Dalla quale María Luisa riemerge in un racconto dell’anno dopo, il 1939, perché tutti i suoi racconti sono i rami di un solo albero e tutte le sue protagoniste legate come in una treccia. Ne Le isole nuove Yolanda è una medusa, si srotola come una biscia alta e magra, si muove come un gabbiano, e dalle sue spalle nude fuoriesce un moncherino d’ali di libellula. È un animale, che affiora come un’isola vulcanica nella vita di Juan Manuel per inabissarsi quando lui, frastornato, si rende conto che non può e non vuole capirla.

Qualche anno ancora e un altro colpo di pistola, anzi tre, e infine il trasferimento a New York, una città non ancora corrotta come il Vecchio Mondo dal quale è ormai impossibile trarre nuovi impulsi culturali.
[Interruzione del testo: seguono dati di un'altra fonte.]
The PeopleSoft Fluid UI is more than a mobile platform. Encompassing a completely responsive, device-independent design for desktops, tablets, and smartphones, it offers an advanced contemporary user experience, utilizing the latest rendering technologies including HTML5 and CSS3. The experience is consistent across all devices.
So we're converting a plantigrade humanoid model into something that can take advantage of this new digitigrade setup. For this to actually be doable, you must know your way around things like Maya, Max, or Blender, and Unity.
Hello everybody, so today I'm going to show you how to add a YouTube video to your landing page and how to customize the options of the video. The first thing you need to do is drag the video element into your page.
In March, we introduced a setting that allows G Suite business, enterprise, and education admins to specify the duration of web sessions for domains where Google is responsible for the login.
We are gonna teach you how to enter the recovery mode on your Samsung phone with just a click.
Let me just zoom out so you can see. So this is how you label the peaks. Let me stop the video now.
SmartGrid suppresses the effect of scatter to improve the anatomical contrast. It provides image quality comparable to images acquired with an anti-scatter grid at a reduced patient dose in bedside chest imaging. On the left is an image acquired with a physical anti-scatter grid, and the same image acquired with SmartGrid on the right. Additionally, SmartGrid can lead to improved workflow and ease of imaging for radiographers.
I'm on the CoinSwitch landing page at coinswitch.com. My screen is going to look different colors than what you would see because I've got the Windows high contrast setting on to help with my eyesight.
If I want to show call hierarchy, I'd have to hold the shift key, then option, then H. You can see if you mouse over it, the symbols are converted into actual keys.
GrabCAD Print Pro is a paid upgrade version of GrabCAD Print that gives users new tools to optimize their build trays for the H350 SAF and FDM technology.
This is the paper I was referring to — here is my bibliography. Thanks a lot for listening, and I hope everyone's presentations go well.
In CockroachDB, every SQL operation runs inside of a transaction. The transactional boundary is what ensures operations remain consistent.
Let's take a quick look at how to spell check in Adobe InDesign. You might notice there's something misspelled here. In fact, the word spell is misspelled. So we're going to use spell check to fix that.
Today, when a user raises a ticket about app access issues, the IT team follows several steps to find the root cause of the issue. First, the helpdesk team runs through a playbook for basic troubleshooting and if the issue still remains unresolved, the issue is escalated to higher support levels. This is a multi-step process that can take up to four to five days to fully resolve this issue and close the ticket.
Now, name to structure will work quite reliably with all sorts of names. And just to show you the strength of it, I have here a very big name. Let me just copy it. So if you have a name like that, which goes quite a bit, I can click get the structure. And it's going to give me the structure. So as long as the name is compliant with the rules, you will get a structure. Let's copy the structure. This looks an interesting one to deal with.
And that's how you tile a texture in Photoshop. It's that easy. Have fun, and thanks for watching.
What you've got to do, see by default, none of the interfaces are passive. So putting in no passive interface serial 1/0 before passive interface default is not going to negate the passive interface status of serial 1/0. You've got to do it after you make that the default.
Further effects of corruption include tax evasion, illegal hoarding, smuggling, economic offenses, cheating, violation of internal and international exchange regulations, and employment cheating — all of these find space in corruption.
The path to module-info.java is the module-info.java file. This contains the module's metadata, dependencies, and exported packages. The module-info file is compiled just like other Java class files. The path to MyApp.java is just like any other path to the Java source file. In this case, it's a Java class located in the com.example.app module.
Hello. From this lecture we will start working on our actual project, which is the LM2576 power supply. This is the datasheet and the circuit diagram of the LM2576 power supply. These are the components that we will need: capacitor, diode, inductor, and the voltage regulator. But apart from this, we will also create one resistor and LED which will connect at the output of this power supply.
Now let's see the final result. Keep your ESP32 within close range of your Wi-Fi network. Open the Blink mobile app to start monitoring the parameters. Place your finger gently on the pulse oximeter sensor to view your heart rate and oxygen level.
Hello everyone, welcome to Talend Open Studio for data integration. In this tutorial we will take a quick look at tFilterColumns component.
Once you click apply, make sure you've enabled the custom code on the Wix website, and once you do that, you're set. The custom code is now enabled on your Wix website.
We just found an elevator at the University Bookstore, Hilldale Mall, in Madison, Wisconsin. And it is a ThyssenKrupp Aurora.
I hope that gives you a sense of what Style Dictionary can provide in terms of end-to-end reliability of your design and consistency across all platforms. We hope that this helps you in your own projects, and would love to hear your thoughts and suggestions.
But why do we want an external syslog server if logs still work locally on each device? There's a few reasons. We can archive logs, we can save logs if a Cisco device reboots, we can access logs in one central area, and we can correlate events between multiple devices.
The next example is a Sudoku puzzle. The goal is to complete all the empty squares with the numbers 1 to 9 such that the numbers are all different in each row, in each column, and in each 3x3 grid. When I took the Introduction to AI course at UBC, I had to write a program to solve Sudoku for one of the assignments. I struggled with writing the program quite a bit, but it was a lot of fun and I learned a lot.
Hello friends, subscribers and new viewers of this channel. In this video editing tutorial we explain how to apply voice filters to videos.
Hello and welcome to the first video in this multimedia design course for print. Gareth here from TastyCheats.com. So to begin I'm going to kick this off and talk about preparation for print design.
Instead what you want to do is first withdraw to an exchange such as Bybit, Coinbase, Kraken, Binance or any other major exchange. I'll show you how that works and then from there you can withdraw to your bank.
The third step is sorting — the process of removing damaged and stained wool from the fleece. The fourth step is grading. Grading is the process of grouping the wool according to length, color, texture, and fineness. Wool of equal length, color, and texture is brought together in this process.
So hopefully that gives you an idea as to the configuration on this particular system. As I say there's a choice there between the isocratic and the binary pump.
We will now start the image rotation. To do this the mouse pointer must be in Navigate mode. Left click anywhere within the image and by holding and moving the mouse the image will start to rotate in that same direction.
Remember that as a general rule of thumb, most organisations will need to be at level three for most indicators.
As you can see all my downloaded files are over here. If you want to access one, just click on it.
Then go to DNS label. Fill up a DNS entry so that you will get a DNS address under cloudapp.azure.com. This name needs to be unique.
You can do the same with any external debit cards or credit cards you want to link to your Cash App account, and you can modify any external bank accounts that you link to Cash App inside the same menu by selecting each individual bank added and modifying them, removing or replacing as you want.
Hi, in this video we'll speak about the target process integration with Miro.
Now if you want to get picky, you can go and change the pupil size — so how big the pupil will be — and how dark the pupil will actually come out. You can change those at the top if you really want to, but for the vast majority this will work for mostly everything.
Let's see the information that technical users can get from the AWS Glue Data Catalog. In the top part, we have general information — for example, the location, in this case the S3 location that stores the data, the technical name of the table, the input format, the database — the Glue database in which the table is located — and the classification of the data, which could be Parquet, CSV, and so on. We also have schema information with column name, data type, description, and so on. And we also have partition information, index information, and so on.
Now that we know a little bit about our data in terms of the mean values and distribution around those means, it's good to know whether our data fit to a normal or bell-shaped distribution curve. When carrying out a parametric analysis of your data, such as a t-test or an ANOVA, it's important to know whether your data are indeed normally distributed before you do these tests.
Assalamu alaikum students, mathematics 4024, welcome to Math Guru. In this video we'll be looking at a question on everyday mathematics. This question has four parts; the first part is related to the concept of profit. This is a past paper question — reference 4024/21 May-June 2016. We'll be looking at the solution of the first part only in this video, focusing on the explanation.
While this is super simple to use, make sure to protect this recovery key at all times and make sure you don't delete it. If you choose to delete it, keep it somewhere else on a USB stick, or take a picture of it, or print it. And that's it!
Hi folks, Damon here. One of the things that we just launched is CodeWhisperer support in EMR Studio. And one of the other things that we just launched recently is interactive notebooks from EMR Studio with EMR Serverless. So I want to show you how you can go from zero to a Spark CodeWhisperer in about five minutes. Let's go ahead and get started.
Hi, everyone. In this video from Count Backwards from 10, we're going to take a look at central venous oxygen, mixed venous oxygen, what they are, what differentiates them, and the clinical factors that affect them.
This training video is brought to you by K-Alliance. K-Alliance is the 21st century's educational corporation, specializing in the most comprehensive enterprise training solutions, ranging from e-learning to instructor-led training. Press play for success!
Ma prima altre storie, soprattutto una, quella di una ragazza semplice, un «cerbiatto spaventato» che non sa neanche insultare il marito che si vergogna di lei, e che come una pianta fa con il sole protende i suoi rami verso il respiro di un uomo mediocre. Passano i mesi, e lei è sempre più uguale al ficus che c’è accanto alla finestra dello spogliatoio, immobile alle stagioni, avvolta in un silenzio che poco a poco le toglie l’amore, l’odio, per consegnarle «un’inattesa sensazione di pienezza». Trascorrono ore noiose nel benessere statico di un’apatia densa e sufficiente. Da Mozart a Beethoven a Chopin. Le notti sono asciutte mentre fuori piove. Tutto finché non abbattono il ficus, finché non abbattono lei, che ora non è più legata alle stagioni e all’assurdo teatrino cui ogni anno, da sempre e per sempre, ci costringiamo.